En verdad, la inclinación de nuestro Tribunal Constitucional a salvar la validez de las leyes estableciendo interpretaciones de las mismas que sirvan para ajustarlas a la Constitución es una práctica que viene de antiguo y se acomoda a la seguida por otros Tribunales constitucionales. Sin embargo, la aplicación de esta técnica a los estatutos de autonomía tiene consecuencias más amplias y diferentes. Al confirmar la validez de la norma estatutaria se está permitiendo también que se apoye en ella el legislador autonómico para dictar cuantas normas de desarrollo o complementarias considere necesarias. Si esta práctica se generaliza, proliferarán en el ordenamiento jurídico normas cuya eficacia y aplicabilidad precisarán, caso por caso, de un juicio de compatibilidad con las leyes estatales existentes en cada momento. La consecuencia es que el Tribunal Constitucional no colaborará, como es su misión, en la depuración del ordenamiento, sino que serán los tribunales ordinarios los que deberán resolver los conflictos que se susciten con ocasión de la aplicación de las normas.

En todos los ordenamientos jurídicos modernos existe una disciplina concerniente a la producción de normas, a su sucesión y a su depuración o a la extinción de su validez y eficacia, basada en las siguientes conocidas reglas: en primer lugar, la anulación de las normas que vulneran otras de superior jerarquía o han sido dictadas por un legislador incompetente para aprobarlas. Y, en segundo lugar, la derogación de unas normas por otras, de manera que se eliminen y sean expulsadas del ordenamiento todas aquellas que el legislador decida o las que tengan contenidos incompatibles con otras disposiciones posteriores de igual o superior rango.

También cabe ordenar las relaciones entre normas dando preferencia a unas sobre otras. Utilizando esta fórmula, las contradicciones o incompatibilidades se resuelven aplicando la norma prevalente y desplazando a las demás, aunque sin necesidad de invalidarlas o derogarlas. Las normas inaplicadas mantienen su validez e incluso pueden recobrar su eficacia en el futuro si la norma prevalente desaparece.
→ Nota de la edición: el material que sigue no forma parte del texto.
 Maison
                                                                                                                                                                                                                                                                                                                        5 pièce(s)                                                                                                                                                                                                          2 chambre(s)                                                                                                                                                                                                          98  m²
En el sistema constitucional norteamericano, incomparable con el nuestro, pueden contrastarse aplicaciones de esta clase de técnicas jurídicas.

En las relaciones entre las normas comunitarias europeas y las internas se usaba generalmente la indicada solución para resolver conflictos hasta que el Tribunal de Justicia de la Comunidad apreció que planteaba un problema esencial: los legisladores estatales podían mantener vigentes normas incompatibles con el Derecho Comunitario, lo que acarreaba una enorme confusión y evidentes dificultades para la inmediata aplicación de las dictadas por las instituciones comunitarias en materia de su competencia. Por esta razón, la jurisprudencia cambió, pasando de conformarse con la simple inaplicación de las normas estatales incompatibles a exigir la inmediata anulación o derogación de las mismas por los estados (por ejemplo, Sentencias Comisión v. Italia de 15 de octubre de 1986, y Provincia de Bolzano de 11 de julio de 1989). Todo ello en aras de la claridad, aplicabilidad y eficacia del Derecho Europeo.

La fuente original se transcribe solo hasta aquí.